Symbols have distinctive properties that are not seen in other animal
communication systems, and as a consequence, require an evolutionary
explanation of their own. These properties will be described.
The other premises of the conditional argument are about the kinds of
explanation we should be seeking when theorizing about the evolution of
language. They might be termed epistemic premises or assumptions. As with the
initial assumption that recursion has to operate over something, I am asking the
reader to act as if these assumptions are the case, and instead to focus their critical
effort upon the conclusions I seek to defend.

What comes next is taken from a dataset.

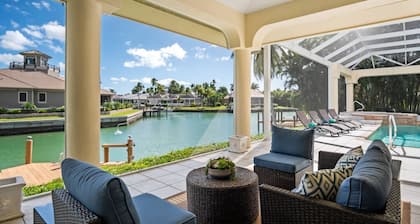 Spacious Waterfront Retreat for the Family w/ Pool & Spa, WiFi; Watch Dolphins & Manatees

The first of these epistemic assumptions is a general one about cognitive
science. Cognitive science assumes that there are computational processes
operating within the brain that causally explain input-output relations in
organisms. Much of cognitive science is about delivering functional descriptions
of input-output relations, and trying to hypothesize the kind of algorithms that
might deliver such regularity. What is more, cognitive science aims to reduce
high level functioning to theories that rely only upon dumb, unthinking
mechanisms. This paper is arguing about the characteristics of a dumb,
unthinking mechanism that might underpin symbolic behavior.

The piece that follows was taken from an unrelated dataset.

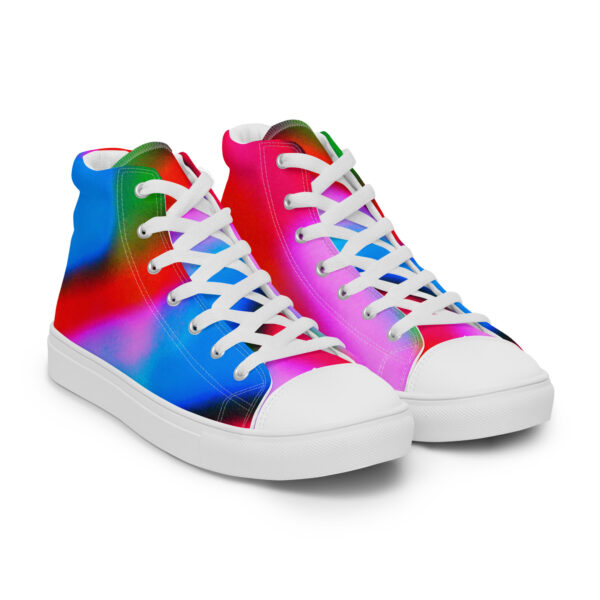 Women's High Top Canvas Shoes Banded Blur by Randoma Lux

The second epistemic assumption is about evolutionary theorizing specifically.
Some contemporary brands of evolutionary psychology have argued from
observations of domain-specific adaptive behavior for domain-specific cognitive
mechanisms that are responsible for that behavior (see Dickins, in press; Samuels,
1998). This is sometimes referred to as a modularity commitment (see below).

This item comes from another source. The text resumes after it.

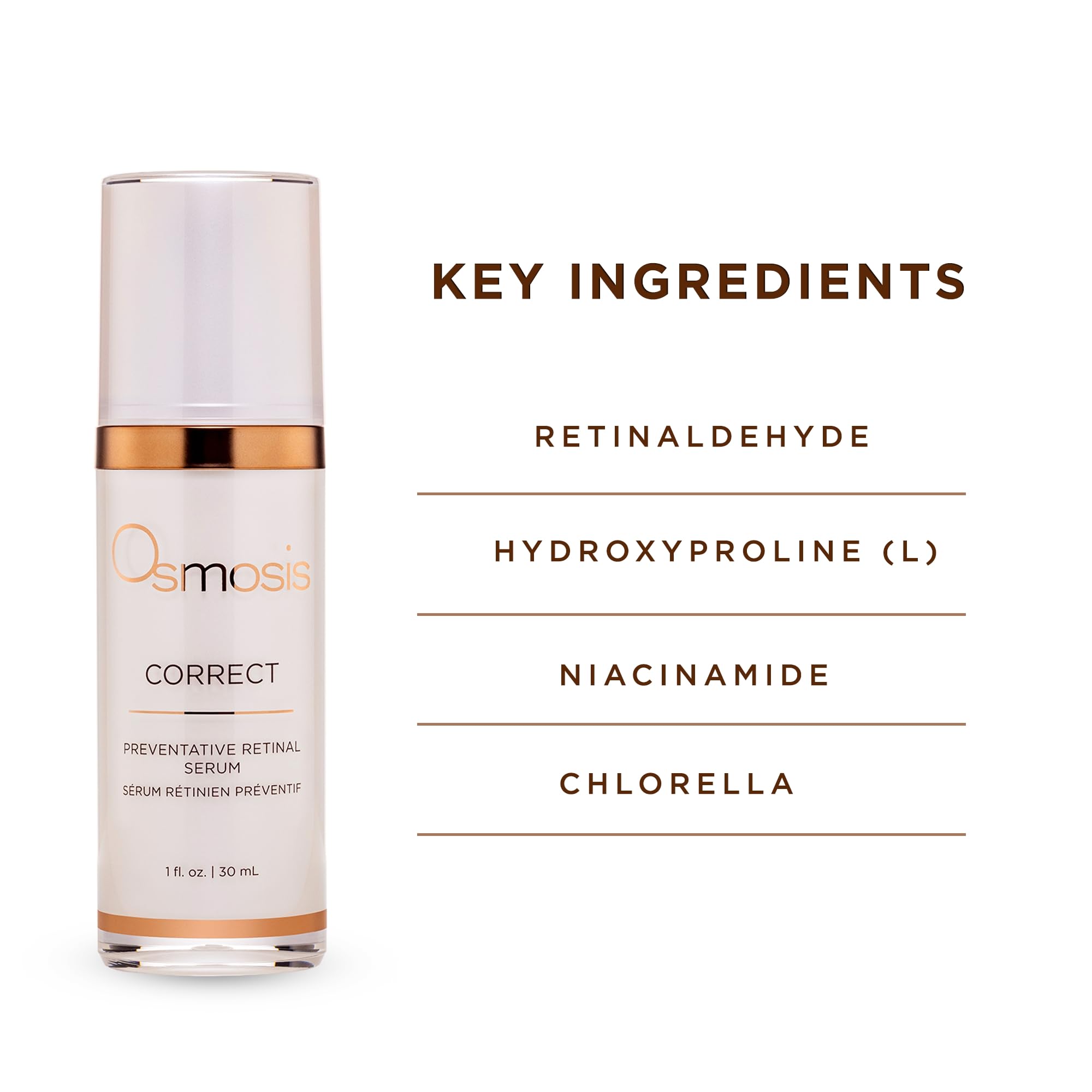 OSMOSIS CORRECT serum drop on finger ready to apply.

One concern with this approach is that although there are sound reasons not to
believe that the brain is a totally domain-general processor it is not clear that
behavioural evidence is sufficient to carve cognition at its joints. It is conceivable
that one cognitive mechanism could instantiate a number of behaviors, and that
one behavior could be the product of a number of mechanisms. The behavioural
data will not always allow you to decide. Another concern is that for every novel
mechanism hypothesized one is effectively hypothesizing a separate selection
‘event’. All too easily, one could have a theory of the evolution of cognition that
relied upon an unlikely number of fortuitous mutations. This paper sides with
Hauser, Chomsky and Fitch (2002) in advocating a long, hard look at comparative
evidence in order to be certain of behavioral discontinuities before advocating a
novel cognition and attendant selection events. This paper maintains that
symbolic behavior is just such a discontinuity, and will speculate about what can
be said with regard to the cognition that enables it [1].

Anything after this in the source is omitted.